TASK ITEM. Repeat what the lines below say, word for word, and skip every image.

Data items
*** Begin section ***
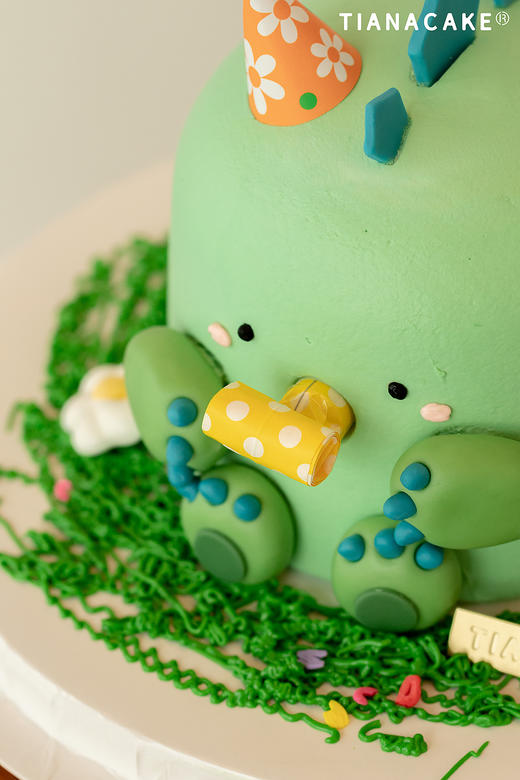 恐龙捣蛋计划（5寸咸奶油蛋糕） 商品图4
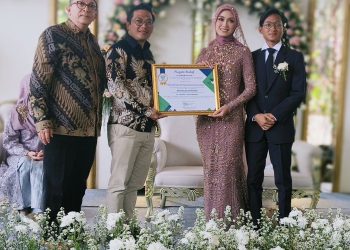 Wakaf Warrior Luncurkan Gerakan Wakaf Calon Pengantin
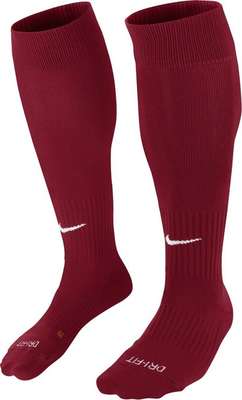 Nike Classic II Sock Bordeaux Rood / wit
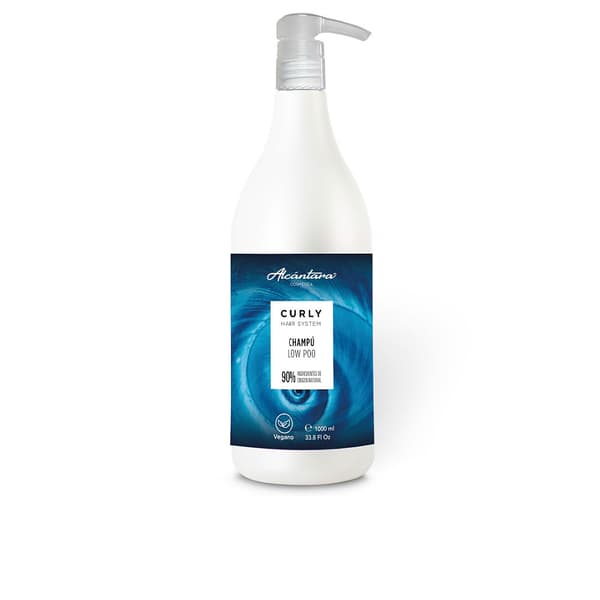ALCANTARA CURLY HAIR SYSTEM low poo SHAMPOO 1000 ml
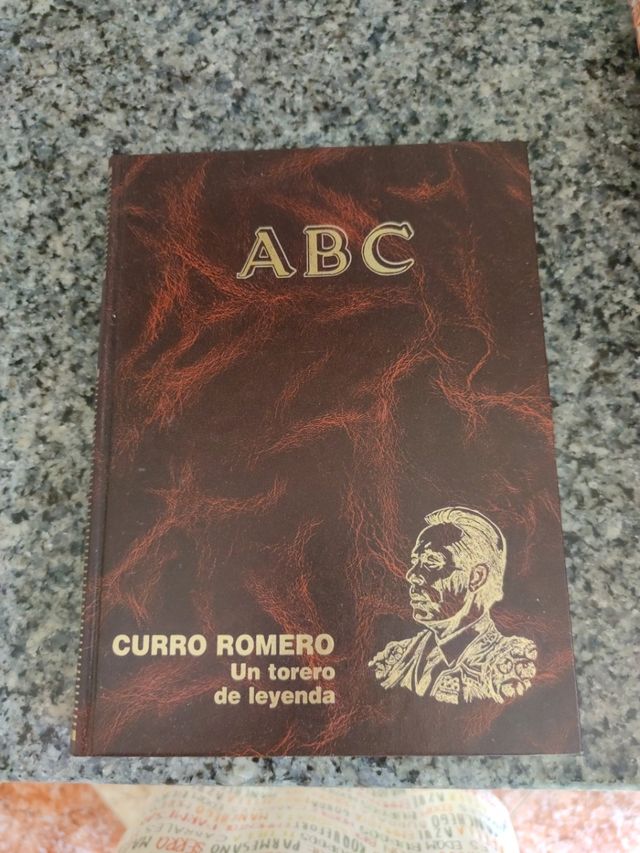 libro sobre  Curro Romero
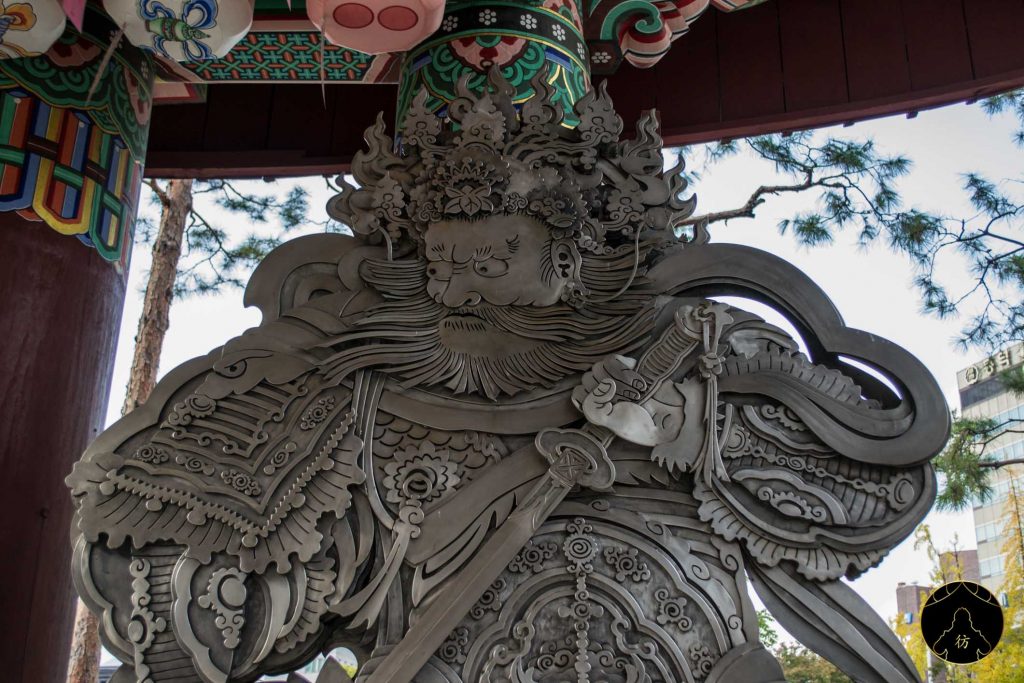 Visiter Seoul - Le temple Jogyesa 06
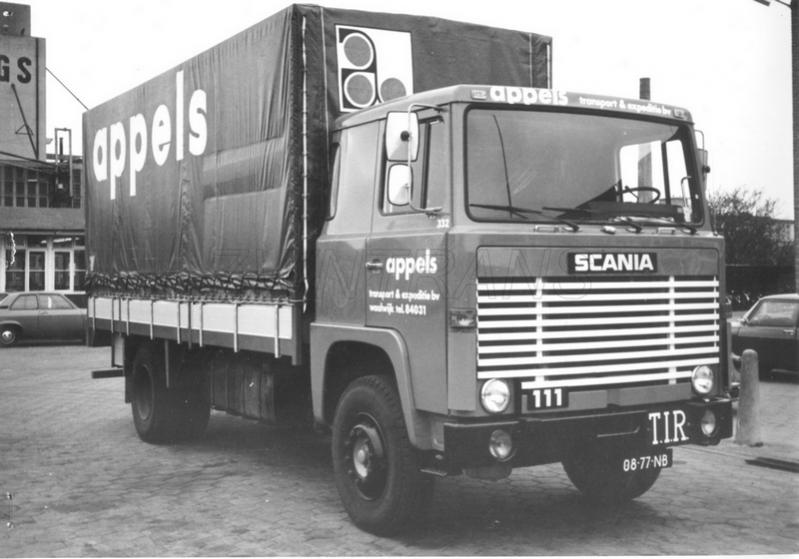 Scania LB 111 bakwagen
*** End section ***
RESPONSE TO THIS TASK.
 恐龙捣蛋计划（5寸咸奶油蛋糕） 商品图4
 Wakaf Warrior Luncurkan Gerakan Wakaf Calon Pengantin
 Nike Classic II Sock Bordeaux Rood / wit
ALCANTARA CURLY HAIR SYSTEM low poo SHAMPOO 1000 ml
 libro sobre  Curro Romero
 Visiter Seoul - Le temple Jogyesa 06
 Scania LB 111 bakwagen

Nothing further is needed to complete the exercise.